All right, it wasn’t the wedding that Essie Fraser dreamed of as a little girl.
Her groom, Russ Anglen wore bib overalls and a straw hat, and was tied up and pulled to the ceremony behind a hay wagon. Her father held a shotgun on Anglen, just to make sure.
The wedding scene was not a charming white church behind a picket fence, or a windswept meadow, under an October sun.
It was the parking lot of Hussey’s General Store in Windsor, under one of the most famous signs in Maine, which advertises “guns, wedding gowns and cold beer.” It was a special way for Anglen and Fraser to celebrate the 84th anniversary of their mutual employer.
“Hey, anyone can have a church wedding,” Anglen said, following the parking lot nuptials. “We figured it would give the store a little publicity.”
Anglen started working at the store five years ago, met Fraser and cupid took care of the rest. Since the store sells shotguns and wedding gowns and the famous sign sits outside, the idea germinated. “It started as a joke,” said the bride, dodging pickup trucks after the ceremony.
“It wasn’t on my agenda. I would guess that this is a first for Hussey’s. I am a country girl and I decided it was the best way to do it,” she said.
Best man Jason Pelletier, clad in a T-shirt for the occasion, said “I didn’t ever expect anything like this. This was the first shotgun wedding for me, but I would expect it won’t be the last, living in Windsor.”
The groom was admittedly nervous with a shotgun pointed at him,”I hoped that he wouldn’t shoot me,” he said. The weapon was wielded by the bride’s father, George Baker.
At 84, Elwin Hussey thought he had seen it all at his Route 32 location. But a shotgun wedding in his parking lot was “something different.”
After all, Hussey’s does sell everything from shotguns to wedding gowns, as everyone knows that ever drove past the intersection of Routes 105 and 32.
Hussey is now the keeper of the legend, a second-generation Hussey who was born in 1923, the very year that his father, Harland B. Hussey, opened the first store a few feet away from the current location.
Windsor was incorporated in 1809 as New Waterford, then Malta, then Gerry, before adopting the current name in 1822. By 1923, the town supported country stores at Windsor Corner, Four Corners. South Windsor, Windsorville and Tyler’s Corner.
Now, there is only one.
When the Windsor Corner store burned in 1923, Harland Hussey was peddling Durant And Stars automobiles. He wisely abandoned that venture and opened a general store.
He told the Kennebec Journal in 1953 that “supplies in the horse-and-buggy days were shipped in by rail, either to Augusta or Wiscasset, or by the old narrow gauge railway to York’s Corner a mile and a half away. Horses hauled the supplies from these points and winter-going usually presented difficulties. The refrigerator and ice chests had to be packed with ice each day.”

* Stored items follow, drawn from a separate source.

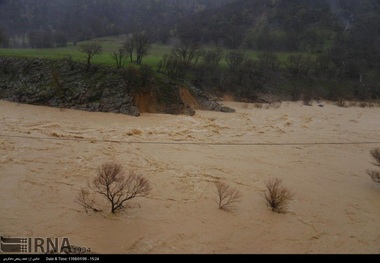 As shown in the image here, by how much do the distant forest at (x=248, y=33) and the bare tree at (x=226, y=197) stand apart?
26.8 meters

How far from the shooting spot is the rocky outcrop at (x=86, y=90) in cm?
3300

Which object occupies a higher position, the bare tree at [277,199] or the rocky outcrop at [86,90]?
the rocky outcrop at [86,90]

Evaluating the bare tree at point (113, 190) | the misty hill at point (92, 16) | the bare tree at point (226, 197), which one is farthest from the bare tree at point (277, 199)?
the misty hill at point (92, 16)

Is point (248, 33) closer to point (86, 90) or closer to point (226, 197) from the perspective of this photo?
point (86, 90)

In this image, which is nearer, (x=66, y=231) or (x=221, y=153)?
(x=66, y=231)

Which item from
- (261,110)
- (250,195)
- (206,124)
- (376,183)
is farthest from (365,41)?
(250,195)

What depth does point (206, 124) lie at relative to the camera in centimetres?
2980

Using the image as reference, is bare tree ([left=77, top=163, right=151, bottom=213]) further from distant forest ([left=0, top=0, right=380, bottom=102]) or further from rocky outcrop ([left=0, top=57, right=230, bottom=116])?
distant forest ([left=0, top=0, right=380, bottom=102])

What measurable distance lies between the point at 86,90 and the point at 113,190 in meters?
21.8

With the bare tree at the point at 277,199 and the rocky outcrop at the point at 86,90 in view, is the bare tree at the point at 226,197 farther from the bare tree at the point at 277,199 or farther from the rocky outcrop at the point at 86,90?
the rocky outcrop at the point at 86,90

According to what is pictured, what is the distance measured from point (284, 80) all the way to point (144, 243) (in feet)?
154

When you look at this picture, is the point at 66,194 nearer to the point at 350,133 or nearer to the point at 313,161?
the point at 313,161

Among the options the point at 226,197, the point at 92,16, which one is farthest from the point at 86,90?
the point at 92,16

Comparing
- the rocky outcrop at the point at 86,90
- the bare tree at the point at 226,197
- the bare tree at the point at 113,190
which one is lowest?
the bare tree at the point at 226,197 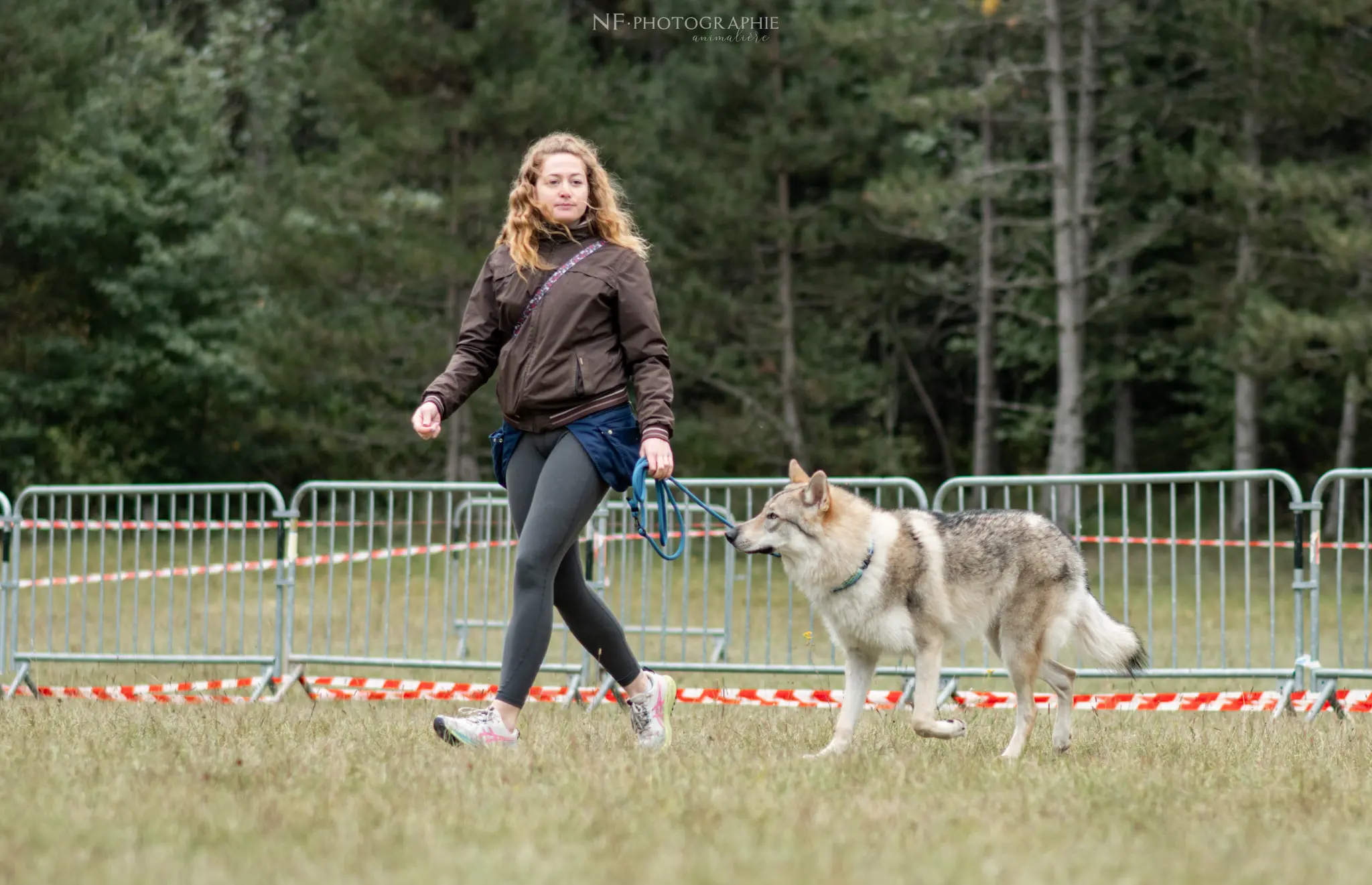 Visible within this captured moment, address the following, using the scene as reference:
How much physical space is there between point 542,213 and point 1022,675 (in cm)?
261

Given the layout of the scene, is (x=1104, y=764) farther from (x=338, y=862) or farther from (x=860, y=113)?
(x=860, y=113)

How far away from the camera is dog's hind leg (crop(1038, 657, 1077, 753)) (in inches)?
257

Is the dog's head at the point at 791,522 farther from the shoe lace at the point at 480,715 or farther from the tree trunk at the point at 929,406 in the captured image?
the tree trunk at the point at 929,406

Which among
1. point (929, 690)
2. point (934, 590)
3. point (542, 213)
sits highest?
Result: point (542, 213)

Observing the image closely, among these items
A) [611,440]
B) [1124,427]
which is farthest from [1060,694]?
[1124,427]

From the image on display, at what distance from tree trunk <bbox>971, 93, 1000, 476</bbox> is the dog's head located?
67.9 feet

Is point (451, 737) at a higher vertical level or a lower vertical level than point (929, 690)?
lower

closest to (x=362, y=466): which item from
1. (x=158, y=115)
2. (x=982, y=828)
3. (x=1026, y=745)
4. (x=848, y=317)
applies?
(x=158, y=115)

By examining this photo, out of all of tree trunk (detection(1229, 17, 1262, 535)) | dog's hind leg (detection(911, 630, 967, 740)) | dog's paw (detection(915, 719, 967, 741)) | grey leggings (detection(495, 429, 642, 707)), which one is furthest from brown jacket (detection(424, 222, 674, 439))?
tree trunk (detection(1229, 17, 1262, 535))

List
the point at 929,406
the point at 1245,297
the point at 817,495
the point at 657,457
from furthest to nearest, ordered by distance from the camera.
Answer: the point at 929,406 → the point at 1245,297 → the point at 817,495 → the point at 657,457

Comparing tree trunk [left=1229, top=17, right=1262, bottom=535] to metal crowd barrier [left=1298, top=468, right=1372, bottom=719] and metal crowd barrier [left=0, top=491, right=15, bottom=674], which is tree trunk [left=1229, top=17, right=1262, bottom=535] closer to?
metal crowd barrier [left=1298, top=468, right=1372, bottom=719]

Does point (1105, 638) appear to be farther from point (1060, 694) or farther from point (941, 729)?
point (941, 729)

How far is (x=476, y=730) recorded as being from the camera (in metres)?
5.87

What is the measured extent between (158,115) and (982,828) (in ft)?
88.6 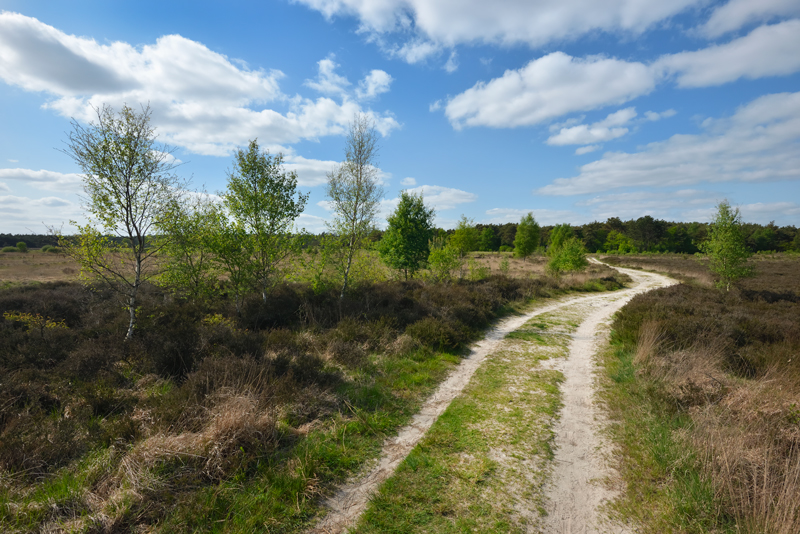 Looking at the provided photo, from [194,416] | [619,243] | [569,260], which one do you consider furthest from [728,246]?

According to a local history, in 1917, competitor C. I. York was selling shirts for 50 cents, pants for $2, sweaters for $1, braces for 25 cents, rubber boots for $1 and handkerchiefs for a nickel. The prices probably did not change much before the opening of Hussey’s.
As the merchandise selection grew, so did the store with numerous additions over the years. The current store is more than 30,000 square feet.
Harland started in the store, running the register, at age 8 or 9. “I have been there ever since, except for my three years in the navy,” he said after the wedding. Now he “only” works on Saturdays, helping out new store manager Bill Richer.
He can remember “the good old days” when six gallons of gasoline cost $1.
He still gets a kick out of the “wedding gown” sign, which started as an accident. Then the store workers noticed more and more drivers stopping to take pictures of it. The sign was once featured in Reader’s Digest magazine.
That sign is nothing, said the Reverend Janice Hisler, who conducted the Saturday shotgun celebration. “When they started selling hunting licenses, they put up a sign that said “We got Lice.'”
Rev. Hisler said when she was hired for the wedding, she spent $140 for a new dress. “When I heard what they were wearing, I brought it back,” she said.
At 86, Hussey said he will retire “when I get old.” He plans to make the 90th anniversary of Hussey’s, which will also be his 90th birthday.
A history of the town, titled ” Good Land and Fine Country, but Poor Roads” pays honors to the store.
“This is not to say that the fame of Hussey’s General Store is confined within the borders of the state of Maine, because that is not the case.”
Especially with that unique sign that advertises “wedding gowns, guns and beer.”